Drugs are prescribed for candidiasis and dermatomycosis, pityriasis – lesions of the skin, skin folds, interdigital spaces and nails.
The drug is applied externally 1-2 times a day. For the treatment of fungal skin infections, a cream is prescribed: it absorbs well and reaches the deepest layers of the skin. Exoderil has a unique nozzle for more precise application.
For onychomycosis, a solution for external use is used. The effectiveness of the drug is only guaranteed when no more than one-third of the nail plate is affected.
The course of therapy lasts at least 4-6 weeks. Under indications, the doctor may prolong the treatment.
Comparative characteristics of the original drug and generic have not been conducted. Exoderil and Mycoderil are thought to be equally likely to cause these side effects:
Dry and reddened skin.
They occur at the site of application, self-administered, and do not require treatment completion.
Antifungal agents are prohibited during pregnancy and lactation, in children’s age. Not used if hypersensitivity to the components of the drug is detected.

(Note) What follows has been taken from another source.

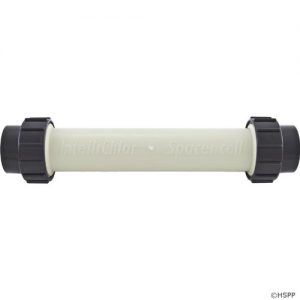 Pentair Pass Through Cell  IntelliChlor  Winter or Start Up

Exoderil and Mycoderil are antifungal drugs for topical use. They are similar in composition, form of release, indications and contraindications.
Exoderil is the original drug. Its effectiveness has been confirmed by clinical trials. It has proven itself in the treatment of fungal skin and nail infections.
Mycoderil is a generic. It differs from the original by the manufacturing technology. Its effectiveness has not been evaluated.
Remember that avoiding a fungal infection is easier than treating it. Follow simple rules: do not wear other people’s shoes without a sock, do not walk barefoot in public places, monitor the condition of the skin and nails on the feet. Risk of infection increases with excessive foot sweating and chronic vascular disease.